Driving Force is a bit overly complicated and surprisingly dull for a Mad Max knock-off. Even when Steve customizes a truck so he’ll be more prepared to stand up against the Black Knights, it doesn’t open the door to anything spectacular – but there are some decent moments of action, and the movie is oddly watchable. I enjoyed spending some time with it, I just have to provide a warning: it’s for B-movie connoisseurs only.
SILVERADO (1985)
Directed by Indiana Jones and Star Wars franchise veteran Lawrence Kasdan from a script he wrote with his brother Mark Kasdan, the Western film Silverado did okay when it was released in 1985, though ranked #7 on its opening weekend (it did rise to #5 the second weekend) and ended up being #24 of the year when it came to domestic box office. It made $32 million on a budget of $23 million. But even to this day, more than forty years later, it’s not rare to see a glowing reference to the film, as many people look back on it so fondly, you’d think it was one of the biggest hits of the ‘80s.
That’s always been slightly confusing to me. I’ve tried to watch Silverado multiple times over the years and have never really been able to get into it. It wasn’t until I really understood what it was that I was able to sit through it and get some enjoyment out of it I still can’t say I loved it, but now I get it. Once incredibly popular, the Western genre was all but dead by ‘85 – and this was Kasdan’s tribute to the classic American Westerns he grew up on.
I always found the movie to be slightly off-putting because it feels scattered and takes it time coming around to a point... but now I see that the episodic nature is due to the fact that Kasdan was trying to fit as many classic Western elements into the story as possible. Everything in the movie is purposely a play on scenarios we’ve seen before; it’s Kasdan putting his stamp on everything that Westerns are known for.
He assembled a great cast for this tribute. The heroic cowboys are played by the likes of Scott Glenn, Kevin Kline, Danny Glover, and a scenery-chewing Kevin Costner, and they share the screen with Rosanna Arquette, John Cleese, Jeff Goldblum, Linda Hunt, Brion James, and Jeff Fahey. Ray Baker plays the evil rancher our heroes will eventually focus on taking down, with Brian Dennehy as his lead henchmen.
I still think Silverado is too long at 133 minutes and could have benefited from a story that’s more focused from the beginning, but now I see why so many fans find it to be such a good time.
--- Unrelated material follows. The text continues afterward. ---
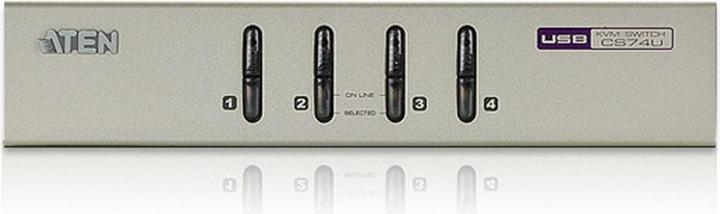 Produktbild Aten CS74U KVM-/Audio-Switch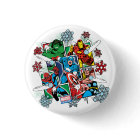 Marvel Hero Snowball Combat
I can’t cross paths with this movie without thinking back on an experience I had back in 1997. I was on a road trip with my father, who was a truck driver, and we stopped for the night at some massive truck stop somewhere along the line. This place had a pitch-dark screening room where movies would be shown, free of charge (on VHS, since that’s what we had to work with in ‘97), to anyone who wandered into the room. When I wandered into the room, Silverado was being shown, coming up on the climactic action sequence, to an audience of truck drivers who were very in tune with the film’s sense of humor, laughing at every joke. Now, I would see that as an ideal viewing experience and would have stuck around for a while... but in ‘97, I wasn’t feeling it, and walked out after only a minute or two. Ah, youthful mistakes.